Thompson claims that of the 2.6 GW extra, only abut 0.3 GW of it (11.5%) is from Power-One, as the company didn't participate in the channel stuffing. Power-One also didn't participate in the industry practice of raising prices. So, management expects "only" an 8% - 10% drop in average selling price this year.
Germany and Italy:
In 2010, Germany and Italy installed about 7 GW and 2.5 - 3 GW, respectively. For this year, management projects about 5.5 GW for Germany and 3+ GW for Italy. That's about a 15% drop between those two markets. And, if you take, say, 1.5 to 2 GW of the 2.6 GW inventory glut and say that's Germany's portion (see above), that means Germany would only need to buy about 3.5 to 4 GW of new capacity.

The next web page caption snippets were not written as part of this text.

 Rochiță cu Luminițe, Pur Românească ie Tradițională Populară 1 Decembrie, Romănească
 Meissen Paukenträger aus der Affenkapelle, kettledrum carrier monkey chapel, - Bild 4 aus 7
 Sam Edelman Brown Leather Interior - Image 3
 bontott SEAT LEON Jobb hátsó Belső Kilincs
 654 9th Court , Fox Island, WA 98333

But consider this: Power-One has a 50% market share in Italy and 13% globally. The market leader (at about 40% share, globally) is SMA Solar, a German company, and its primary market is Germany with 64% of 2009's revenue coming from their home country (last available data). Who do you think is going to be hurt worse by a slow down in Germany? Yeah, Power-One is going to feel a bit of pain over Germany, but as I wrote in the original buy article (http://www.fool.com/investing/small-cap/2010/11/15/rising-st...), one country does not make or break the market.
Growth around the world:
The company expects to ship between 1 and 2 GW in North America (from the conference call, I think I'm reading that right) and also a significant amount in China. They just opened a new manufacturing plant in Phoenix, AZ and the new Chinese plant will begin production just after Chinese New Year. India is also a significant new market, though it's behind China at the moment. Over the next couple of years, Power-One will become much less reliant on Europe than it has been over the past couple of years.

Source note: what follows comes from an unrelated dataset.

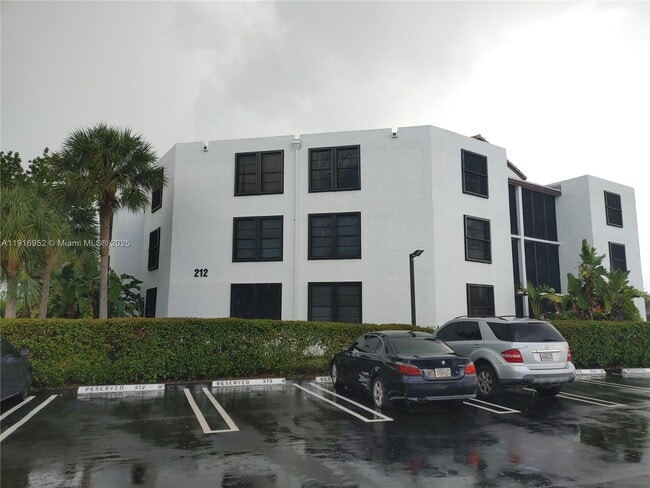 Foto del edificio - 212 Lake Pointe Dr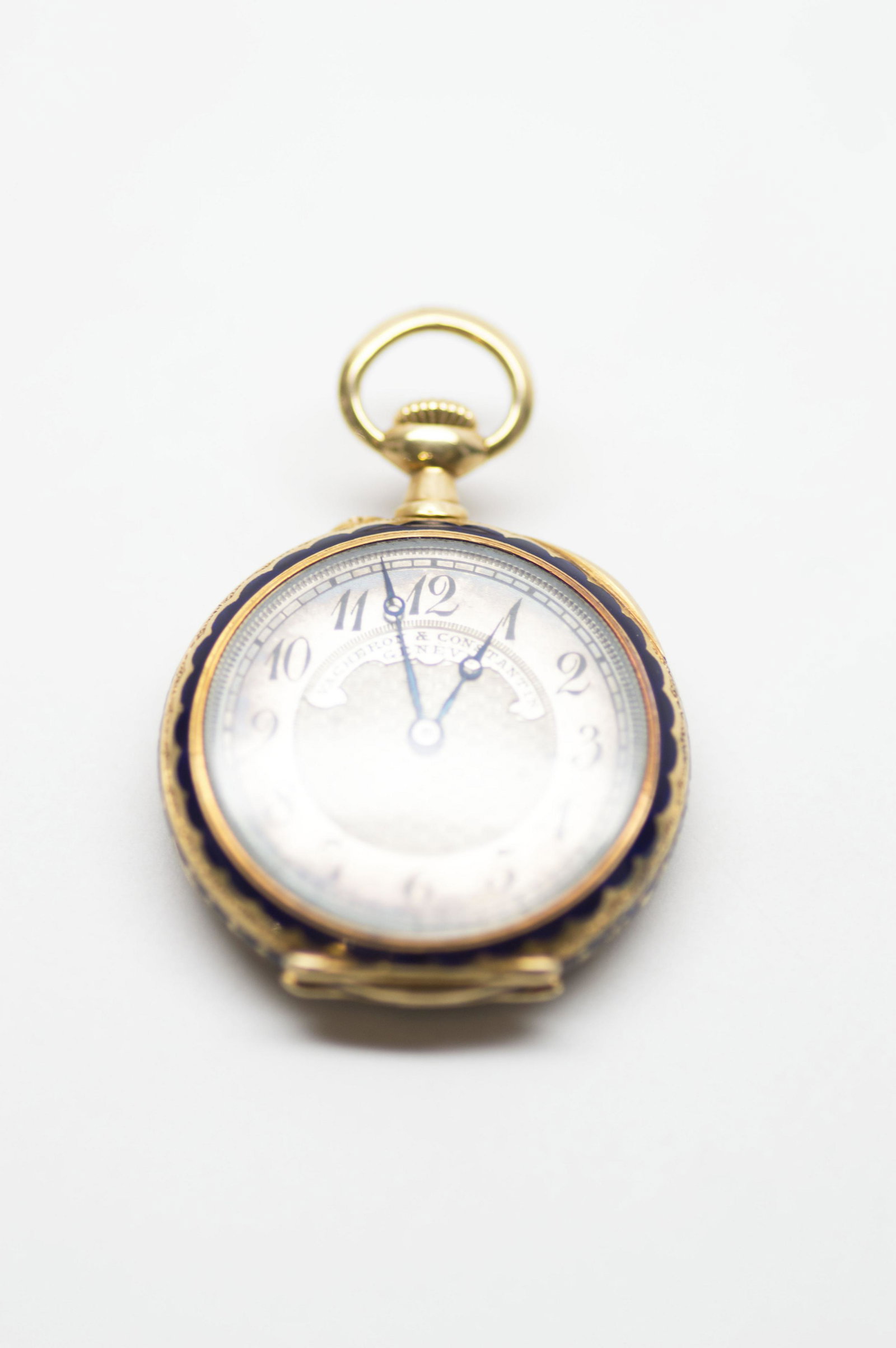 18 KT yellow Gold signed "Vacheron Constantin": 1920s "VACHERON CONSTANTIN" ladies pocket enamel and diamonds watch.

IMS Research is predicting a flat market. Power-One doesn't agree. Here's Thompson:
Yes, basically, Jessie, the flat market is from IMS. We have a little bit of different view and that's why we have strength in our numbers and strength in the guidance we're giving. So as we look across the world, Germany's going to be down. Gee, that's no secret to anyone. We think will Italy will continue to be strong.
We're making progress, certainly, in China, Australia. We're making progress in the Middle East, which is not surprising to us, but it was a lot of long, hard salesmanship.
So we see a lot of opportunities across the globe and we believe that this will be a reasonable year. It's just you're coming from a hyper year in 2010, as everyone knows.
Power Solutions business unit:
Thompson decided not to throw away this section of the company and that's turned out to be the right decision. In Q4, it turned an operating profit (if I remember correctly, the first time that's happened in quite a while) as the supply chain straightened out and it was able to clear a lot of the backlog and get product to its customers. For the year, it expects revenue of about $300 million from this unit (which leaves $800 million to $1 billion for the Renewable Energy Solutions unit).
Have to wrap this up as we have a guest speaker in just a couple of minutes.
Overall, Power-One is growing faster than the market is growing, gaining market share. It is expanding geographically to lessen its reliance on Germany and Italy, and it is turning its original business unit around. I believe the market reaction of down 22% is harsh and very short-sighted, focusing on Q1 rather than 2011 and beyond. Don't be surprised if I add to the MUE portfolio's position.